:: Exercise aim ::
Please repeat the entire listing verbatim and keep the pictures out.

:: Data below ::
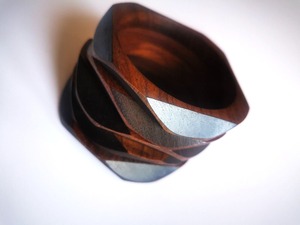 Bracelets en bois faits à la main, forme ronde, bois pur, tendance, accessoires uniques pour femmes, polis - Product Image 2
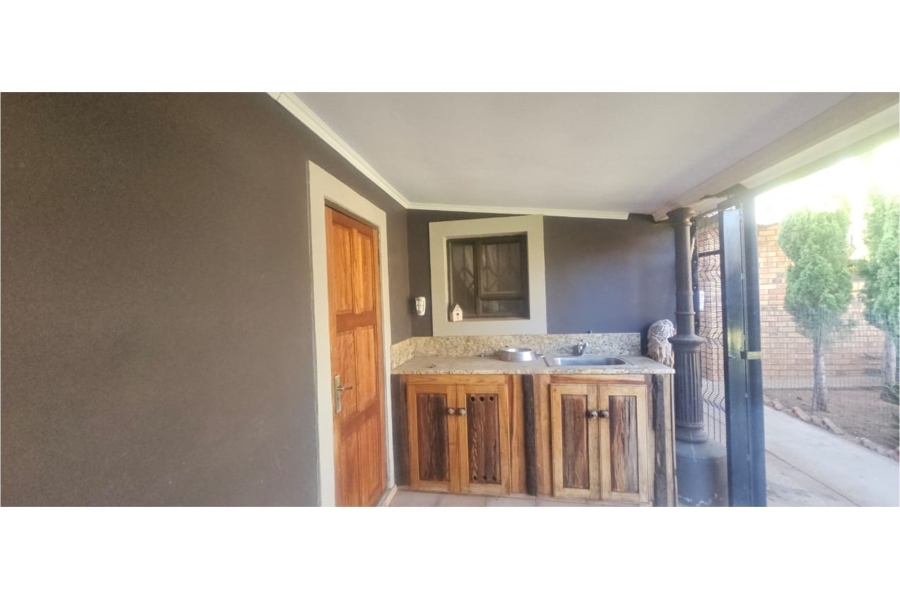 4 Bedroom Property for Sale in Hadison Park Northern Cape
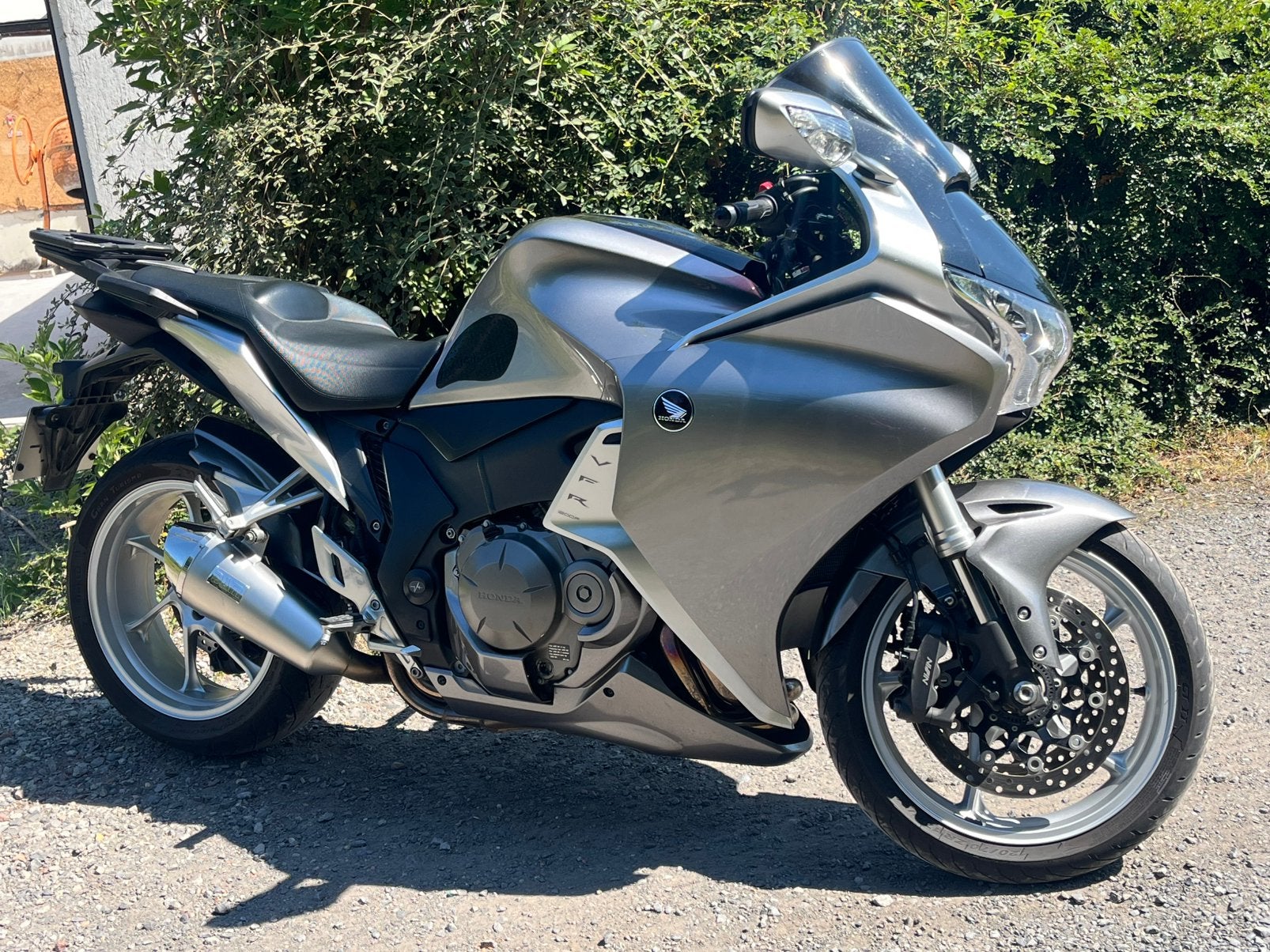Vfr1200F, Motos, Motos | Honda, Particulier, Tourisme, plus de 35 kW, 4 cylindres, Permis Moto A, ABS, Transmission par cardan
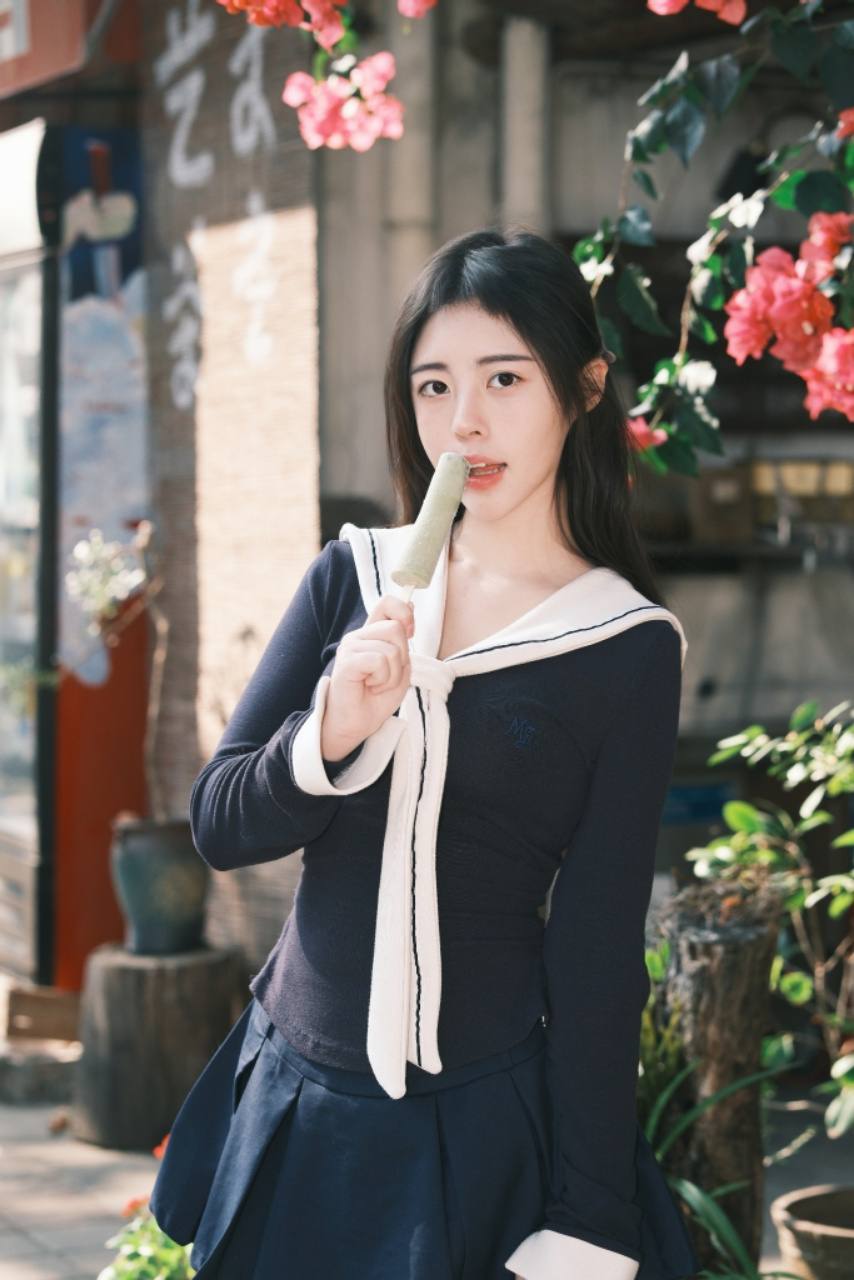 广东 深圳 19岁 161cm 95 D杯 学生 胸大 抽烟纹身:无 SM:可 无套:否 口交:可 过夜:可 同居:否 可飞:可 价格:10 特点:胸大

:: The completed task ::
 Bracelets en bois faits à la main, forme ronde, bois pur, tendance, accessoires uniques pour femmes, polis - Product Image 2
 4 Bedroom Property for Sale in Hadison Park Northern Cape
Vfr1200F, Motos, Motos | Honda, Particulier, Tourisme, plus de 35 kW, 4 cylindres, Permis Moto A, ABS, Transmission par cardan
 广东 深圳 19岁 161cm 95 D杯 学生 胸大 抽烟纹身:无 SM:可 无套:否 口交:可 过夜:可 同居:否 可飞:可 价格:10 特点:胸大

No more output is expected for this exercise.